- The Washington Times - Thursday, May 8, 2008

Everyone knew Chris Paul was pretty darn good. Some even would have said borderline great.

But with the way he has flat out embarrassed the San Antonio Spurs in the first two games of this series, there’s no borderline about it. He’s flippin’ spectacular.

In Game 1 he notched 17 points, 13 assists and four steals, and New Orleans won 101-82. OK, impressive.
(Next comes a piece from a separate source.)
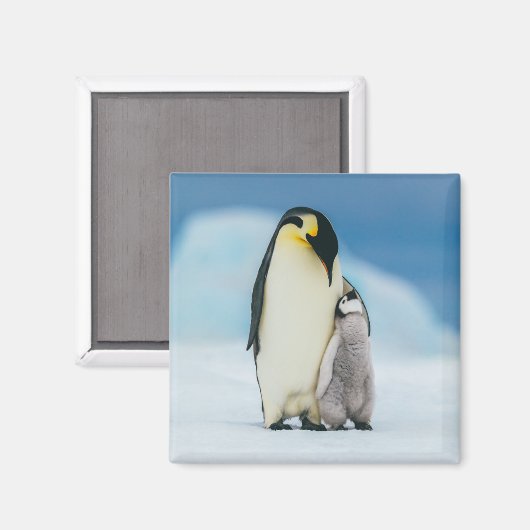 Kutest Baby Animals | keizer Penguin Chick Magneet (Voorkant / Achterkant)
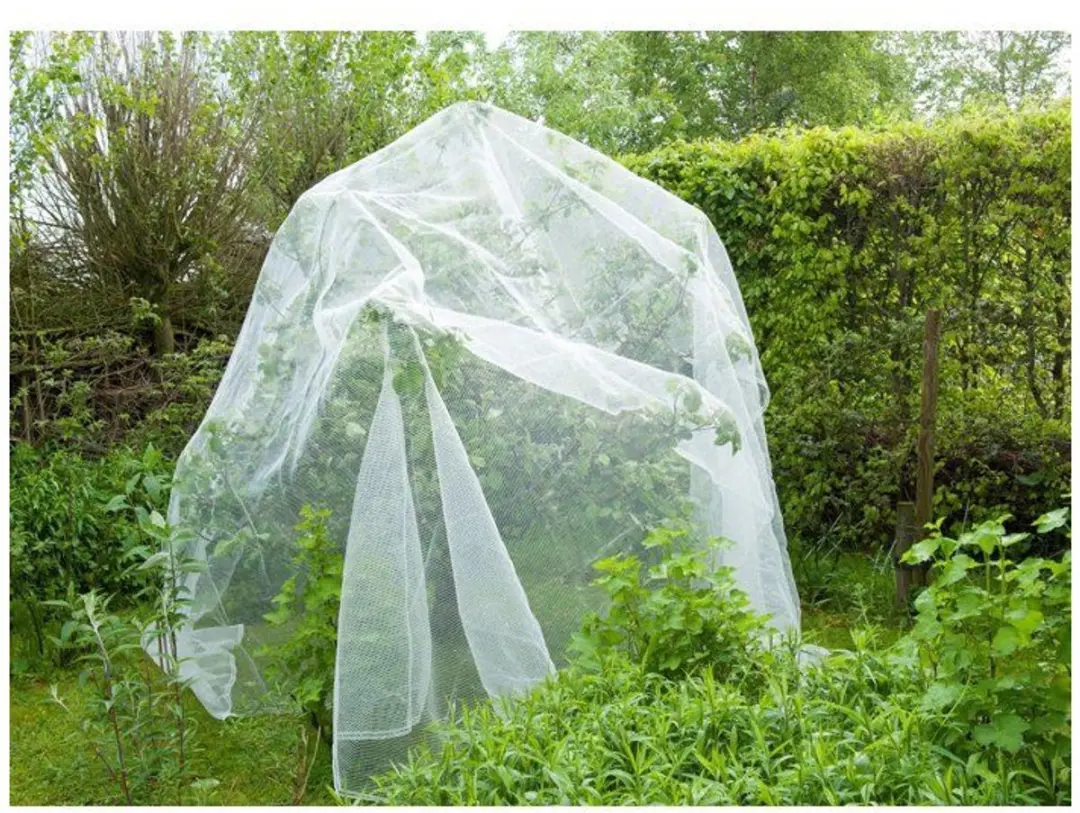 Nature Anti-insectennet 5,2x5m - 3x6mm - 60g/m² - afbeelding 4 van 6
But there’s no way the Spurs — one of the best defensive teams in the league — would let that happen again in the same series.

But what happened in Game 2? Paul had his way with the Spurs, finishing with 30 points and 12 assists as the Hornets won 102-84.

Suddenly a team that didn’t even make the playoffs last season — mustering a 39-43 record — has the defending champion Spurs — winners of four titles in the last nine years — in trouble.

So the regular season, when the young Hornets challenged for the best record in the West, wasn’t a fluke.

Chris Paul and the young Hornets look like title contenders, while San Antonio’s cast looks old, slow and baffled.

Kobe Bryant just took home MVP honors, but Paul is making all the voters who listed him as first runner-up wish they had a do-over.

The playoffs are where legends are made, and CP3 definitely has set out to pen his tale. Already impressive in a regular season in which he averaged 21.1 points and 11.6 assists, he has been even better in the playoffs. In seven games — five spent dismantling the Dallas Mavericks and the last two against the Spurs — Paul has averaged 24.3 points and 12.1 assists.

It’s like one of those video games. You have the controls in hand, you are Paul and you can make him do whatever you want. The opposing team has no way of stopping him.

And he’s fueling his teammates to spectacular performances.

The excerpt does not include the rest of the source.